I do think that in school, it was my biggest problem. I was the only black student in the department. And because I was studying jazz, when they were talking about music history or certain things that would trace back to black music, they would describe it in a way that I know is not completely correct because I grew up in that culture. I think it has also caused me to be misunderstood by certain teachers because they just didn’t know what to do with me. In my first year, I came into ensemble class with Esperanza Spalding tunes and I mean, my friends could play it, but we’re used to those rhythms, but if you’ve never heard that before, you’re going to have to study that rhythm. The teachers would kind of be like, Nah, we’re not going to do that, it’s too difficult. We’re just going to just focus on this now. I didn’t really understand why, but of course, none of the other students would bring in things like that because they’re not familiar with that. If I would reference certain things, it would not always be understood and if I have something in my head, that I want to do, like for a performance, or I want to switch an arrangement, if the teacher doesn’t know where I’m coming from, they’re not going to be able to help me get to where I want to get. For example, there is one thing that happens in R&B music, just to give a very practical example. In music, you have scales that you follow when you sing a melody. Usually, if a song is in major, you sing major scales and scales that are relative to the major scale. In R&B music, with the riffs and the runs that you’ve probably heard a lot with Jasmine Sullivan and Brandy, you tend to do a lot of minor runs over major scales, and in Western music theory that is flat out wrong! It’s a big no, but in R&B music, it happens all the time.

That's so interesting. Does that mean that the theory is outdated?

Not necessarily, in music theory you have rules and then you have a list of exceptions to the rules. However, in the end, the ear justifies everything in music theory, if it sounds good, but it’s musically incorrect or theoretically incorrect it might still end up in records. It happens a lot. There are a lot of records where a singer is also just singing out of tune, but the energy is nice. Every musician knows if it sounds good, you’re just going to go with it. But how is an institute going to measure that, right? If you listen to the radio in popular music or if you go back to the eighties, a lot of it was theoretically incorrect. But yea, navigating the industry as a black person, I think I am doing okay. I think there are artists out there who have had worse experiences than I have.

Favorite instrument to play?

I would have to go with my voice, that’s my main thing. If I would have to choose an instrument that is not in my body, I would have to choose the bass, particularly when I’m on stage with my band. If I’m alone, I love the piano, because I’m the most comfortable and educated on the piano.
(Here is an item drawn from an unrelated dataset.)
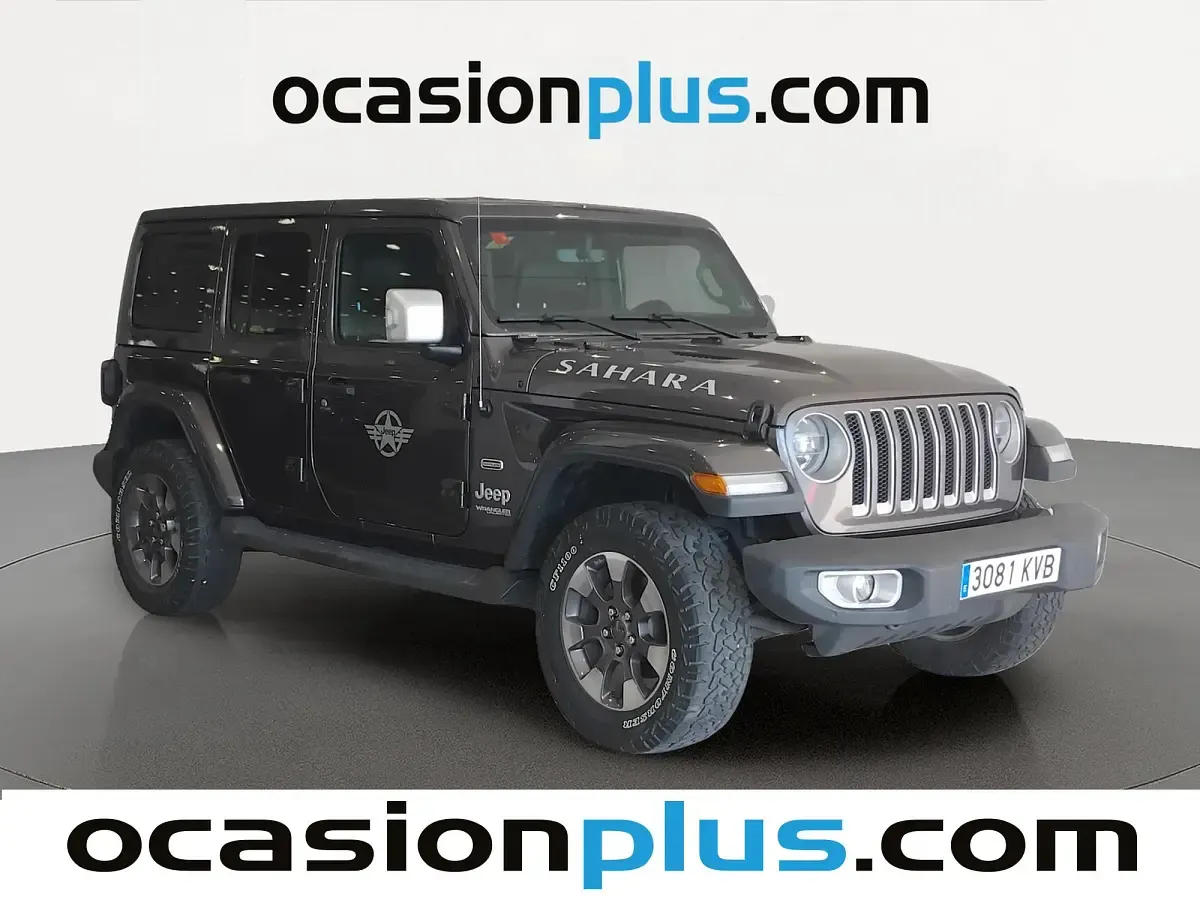 Usado Jeep Wrangler Unlimited Sahara 270 CV (198 kW) 2019 Negro SUV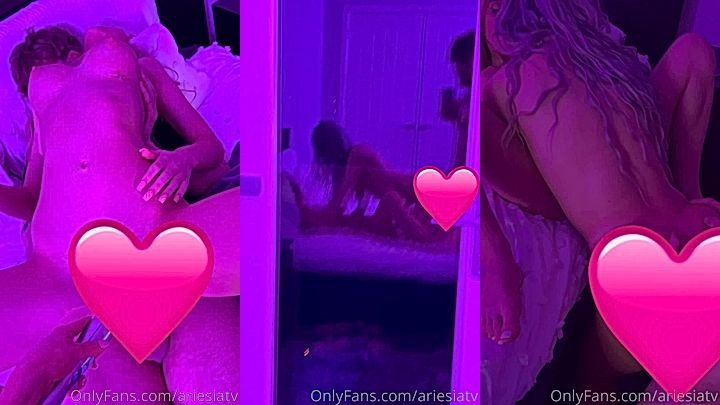 Hot american threesome blowjob fun leaks Ari Baby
When I am with the band, I have an amazing keyboard player, so I don’t even have to bother with the keyboard. It’s just the vibe of the bass that’s so special and strong, and it’s totally badass!

What album have you been loving lately?

Erykah Badu, “Mama’s Gun”. She’s been on repeat lately!  Also “Rapture” by Anita Baker, and some Victoria Monét.

What advice would you give to someone wanting to follow a career as a musician?

Educate yourself as much as possible about the business that you are trying to get into, and part of the education is preparation. If you’re going to have a meeting with a label, know what questions to ask, know what you want from them, know what you can give them. Really knowing what to say, how to say it, and how to reach out. A lot of this information is easily found on the internet, buy a few books on the subject and you’ll be good. Second, have patience, it won’t happen in a day! Lastly, know your worth, because I think a lot of artists sell themselves short and take deals with people who don’t necessarily want the best for them, but because there isn’t anything better available at that time, they do go for it. In the long run, they end up regretting it. And I mean, of course, you have to take some risks sometimes, but let them be calculated risks!